Piling On Against Pundits (Washington DC)

For some reason I’m neither surprised nor that worked up about the news that the Bush Administration paid a B-list pundit to shill for NCLB – even now, as Secretary Paige issues his non-denial denial and the questions keep coming:
Education Chief Defends Payments to Pundit Washington Post
Senators seek review of Williams' education deal Washington Times
President criticizes Education Dept.'s payout to Armstrong USAT

But clearly I’m the only one who isn't that interested:
No Pundit Left Behind New York Times
Space For Sale Newsweek
Fodder for Reform's Cynics, and a Blot on Bipartisanship New York Times
How to lose friends and alienate teachers Mojo via Eduwonk
The Latest $600 Hammer The Education Intelligence Agency
The Conservative Marketing Machine AlterNet
Will: Ed Department's public relations moves lack common sense
The Union Leader

It was wrong, obviously, and exceptionally poor timing in terms of the new Congress, the new Secretary, and plans to expand NCLB. But it’s nothing new, given last year’s revelations that the Bushies were putting out fake news on health and education issues, and rating education reporters.
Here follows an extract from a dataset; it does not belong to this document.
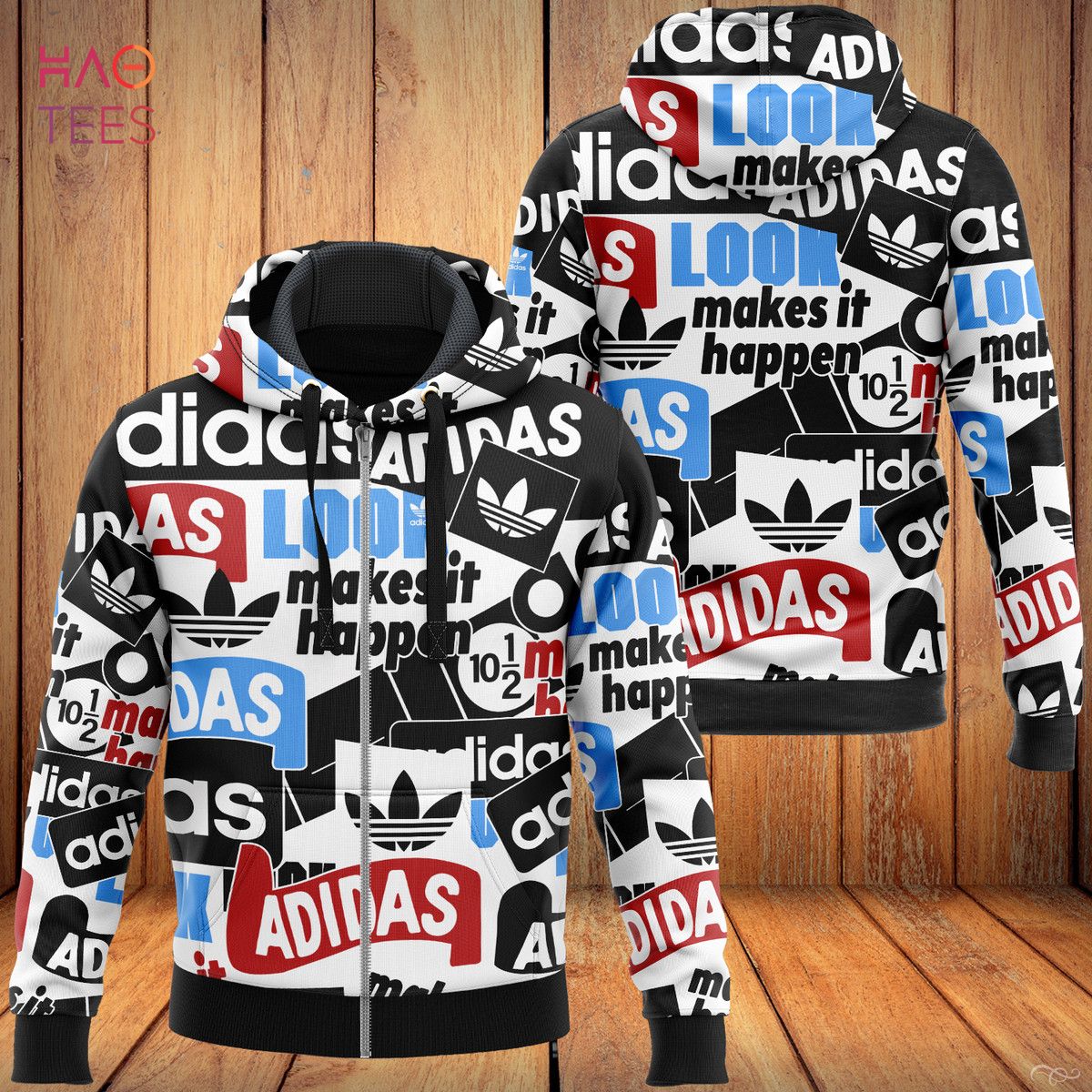 AVAILABLE Adidas Full Printing Pattern Luxury Hoodie Limited Edition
And it obviously didn’t have much effect, given the generally uphill battle that NCLB has faced in the press and among the public.

Why the apparent overreaction? A slow news week, in large part. Opportunism among Bush/NCLB opponents, to be sure. Exquisite coordination with the 3rd anniversary of the law’s establishment creates an easy hook. And the story hits a nerve: major media sensitivity in the Dan Rather/Jayson Blair age to any suggestion that they’re not doing their job reporting the news.

And yet, Williams was no more a journalist than former Crossfire co-host Tucker Carlson. Pundits on both sides of the issues operate in a journalistic gray area, the hired guns of the Third Estate. This also makes everyone a little squeamish, as it should:
Case Shines Harsh Light on 'Pundit Industry'
Leave the payola pundits behind Chicago Tribune

There may be other things more worth watching than this. For example, the trend towards earmarks in K-12 education seems deeply worrisome. Just five years ago, such things were extremely limited in the Labor-HHS-Education appropriations bills. Now they’re everywhere, hampering efforts in K12 nearly as much as they already do in higher education. And then of course there are the other education bills coming down the pike:
Education earmarks clog budget bill Washington Times
Project Draws Federal Money, Despite Doubts Education Week
2005: The Year Ahead Progressive Policy Institute

It's not all bad news in Washington. We can all look ahead to all of the festivities next week surrounding the Inauguration. I wonder what Secretary-nominee Spellings will wear?:
Education Gala Part of Presidential Inaugural Week Education Week.